*** Opening Recorded information ***

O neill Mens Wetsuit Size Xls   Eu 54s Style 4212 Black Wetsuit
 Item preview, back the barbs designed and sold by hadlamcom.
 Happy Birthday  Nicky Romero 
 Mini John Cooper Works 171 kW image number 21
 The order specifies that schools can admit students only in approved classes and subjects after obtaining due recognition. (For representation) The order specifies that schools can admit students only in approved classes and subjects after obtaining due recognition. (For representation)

*** Closing Recorded information ***

What is required: Find the line that contains "Item preview, back" in the data above. Reproduce it and every later line exactly, through the last one.

Answer below:
 Item preview, back the barbs designed and sold by hadlamcom.
 Happy Birthday  Nicky Romero 
 Mini John Cooper Works 171 kW image number 21
 The order specifies that schools can admit students only in approved classes and subjects after obtaining due recognition. (For representation) The order specifies that schools can admit students only in approved classes and subjects after obtaining due recognition. (For representation)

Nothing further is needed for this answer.